#### [Work instructions]
Among the entries below, please repeat exactly and only the lines from the line containing "大阪,会費制結婚式,15次会,少人数結婚式" to the line containing "米兰历史建筑翻新公寓 | 蓝色月光的内部空间-6", both lines included.

#### [Stored records]
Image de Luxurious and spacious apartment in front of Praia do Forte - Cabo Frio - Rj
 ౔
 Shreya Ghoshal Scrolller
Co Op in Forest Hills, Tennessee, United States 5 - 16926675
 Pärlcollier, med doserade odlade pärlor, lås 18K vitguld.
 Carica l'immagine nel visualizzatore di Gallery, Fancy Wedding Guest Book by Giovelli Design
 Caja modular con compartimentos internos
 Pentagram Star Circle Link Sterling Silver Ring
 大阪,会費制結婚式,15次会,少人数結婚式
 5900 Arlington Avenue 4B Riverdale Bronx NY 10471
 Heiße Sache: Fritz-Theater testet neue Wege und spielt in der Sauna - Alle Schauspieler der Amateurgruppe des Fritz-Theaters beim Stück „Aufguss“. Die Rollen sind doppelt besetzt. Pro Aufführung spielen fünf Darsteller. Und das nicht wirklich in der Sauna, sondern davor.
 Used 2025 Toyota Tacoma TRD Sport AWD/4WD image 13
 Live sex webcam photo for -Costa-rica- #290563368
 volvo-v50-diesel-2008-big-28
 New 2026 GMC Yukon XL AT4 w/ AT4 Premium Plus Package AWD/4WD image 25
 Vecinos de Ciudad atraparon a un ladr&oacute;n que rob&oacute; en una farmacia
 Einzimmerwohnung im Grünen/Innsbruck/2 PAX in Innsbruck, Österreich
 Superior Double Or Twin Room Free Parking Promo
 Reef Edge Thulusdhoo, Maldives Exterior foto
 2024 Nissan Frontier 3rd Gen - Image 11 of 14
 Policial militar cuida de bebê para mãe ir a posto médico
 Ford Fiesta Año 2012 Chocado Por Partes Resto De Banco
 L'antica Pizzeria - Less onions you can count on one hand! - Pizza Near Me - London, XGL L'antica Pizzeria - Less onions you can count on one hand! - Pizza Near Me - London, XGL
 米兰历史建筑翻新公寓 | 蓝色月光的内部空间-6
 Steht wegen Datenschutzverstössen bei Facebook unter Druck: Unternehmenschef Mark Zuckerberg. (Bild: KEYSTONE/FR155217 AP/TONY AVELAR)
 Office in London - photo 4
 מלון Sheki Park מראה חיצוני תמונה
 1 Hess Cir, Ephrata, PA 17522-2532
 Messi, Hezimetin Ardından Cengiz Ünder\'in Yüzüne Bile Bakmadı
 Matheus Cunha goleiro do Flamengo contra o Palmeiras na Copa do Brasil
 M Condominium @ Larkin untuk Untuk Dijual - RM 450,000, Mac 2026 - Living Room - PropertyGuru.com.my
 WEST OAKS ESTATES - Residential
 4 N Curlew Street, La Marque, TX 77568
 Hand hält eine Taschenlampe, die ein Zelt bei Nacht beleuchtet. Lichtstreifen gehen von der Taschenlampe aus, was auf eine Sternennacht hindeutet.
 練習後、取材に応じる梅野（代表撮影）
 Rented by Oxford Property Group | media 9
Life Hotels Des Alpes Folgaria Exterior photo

#### [Worked solution]
 大阪,会費制結婚式,15次会,少人数結婚式
 5900 Arlington Avenue 4B Riverdale Bronx NY 10471
 Heiße Sache: Fritz-Theater testet neue Wege und spielt in der Sauna - Alle Schauspieler der Amateurgruppe des Fritz-Theaters beim Stück „Aufguss“. Die Rollen sind doppelt besetzt. Pro Aufführung spielen fünf Darsteller. Und das nicht wirklich in der Sauna, sondern davor.
 Used 2025 Toyota Tacoma TRD Sport AWD/4WD image 13
 Live sex webcam photo for -Costa-rica- #290563368
 volvo-v50-diesel-2008-big-28
 New 2026 GMC Yukon XL AT4 w/ AT4 Premium Plus Package AWD/4WD image 25
 Vecinos de Ciudad atraparon a un ladr&oacute;n que rob&oacute; en una farmacia
 Einzimmerwohnung im Grünen/Innsbruck/2 PAX in Innsbruck, Österreich
 Superior Double Or Twin Room Free Parking Promo
 Reef Edge Thulusdhoo, Maldives Exterior foto
 2024 Nissan Frontier 3rd Gen - Image 11 of 14
 Policial militar cuida de bebê para mãe ir a posto médico
 Ford Fiesta Año 2012 Chocado Por Partes Resto De Banco
 L'antica Pizzeria - Less onions you can count on one hand! - Pizza Near Me - London, XGL L'antica Pizzeria - Less onions you can count on one hand! - Pizza Near Me - London, XGL
 米兰历史建筑翻新公寓 | 蓝色月光的内部空间-6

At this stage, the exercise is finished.